LECUN: It’s also amazing how quickly these techniques became so useful for so many industries. If you take deep learning out of Google or Facebook today, both companies crumble; they are completely built around it. One thing that surprised me when I joined Facebook is that there was a small group using convolutional nets for face recognition. My first instinct about convolutional nets was to think they would be useful for, maybe, category-level recognition: car, dog, cat, airplane, table, not fine-grained things like faces. But it turned out to work very well, and it’s completely standard now. Another thing that surprised me came out of Yoshua’s lab on generative adversarial networks—that you can basically use neural nets as generative models to produce images and sound.
BENGIO: When I was doing my Ph.D., I was struggling to expand the idea that neural nets could do more than just pattern recognition—taking a fixed-size vector as input and producing categories. But it’s only recently with our translation work that we escaped this template. As Yann said, the ability to generate new things has really been revolutionary. So has the ability to manipulate any kind of data structure, not just pixels and vectors. Traditionally, neural nets were limited to tasks that humans can do very quickly and unconsciously, like recognizing objects and images. Modern neural nets are different in nature from what we were thinking about in the 1980s, and they can do things that are much closer to what we do when we reason, what we do when we program computers.
In spite of all the progress, Yoshua, you’ve talked about the urgency of making this technology more accessible to the developing world.

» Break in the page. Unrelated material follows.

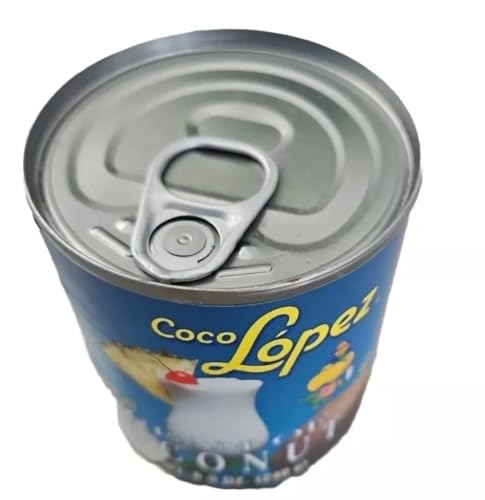 Coco Lopez coconut cream 6 cans 8.5 onz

BENGIO: I think it’s very important. I used to not think much about politics, but machine learning and AI have come out of universities, and I think we have a responsibility to think about that and to participate in social and political discussions about how they should be used. One issue, among many, is where is the know-how and wealth and technology are going to be concentrated. Are they going to be concentrated in the hands of a few countries, a few companies, and a small class of people, or can we find ways to make them more accessible, especially in countries where they could make a bigger difference for more people?
HINTON: Google has open-sourced its main software for developing neural nets, which is called TensorFlow, and you can also use the special Google hardware for neural nets on the cloud. So Google is trying to make this technology accessible to as wide a set of people as possible.
LECUN: I think that’s a very important point. The deep learning community has been very good at promoting the idea of open research, not just within academia, where conferences distribute papers, reviews, and commentaries in the open, but also in the corporate world, where companies like Google and FB are open-sourcing the vast majority of the software that they write and providing the tools for other people to build on top of it. So anyone can reproduce anyone else’s research, sometimes within days. No top research group is ahead of any other by more than a couple of months on any particular topic. The important question is how fast the field as a whole is progressing. Because the things we really want to build—virtual assistants that can answer any question we ask them and can help us in our daily lives—we just don’t just lack the technology, we lack the basic scientific principles for it. The faster we can foster the entire research community to work on this, the better it is for all of us.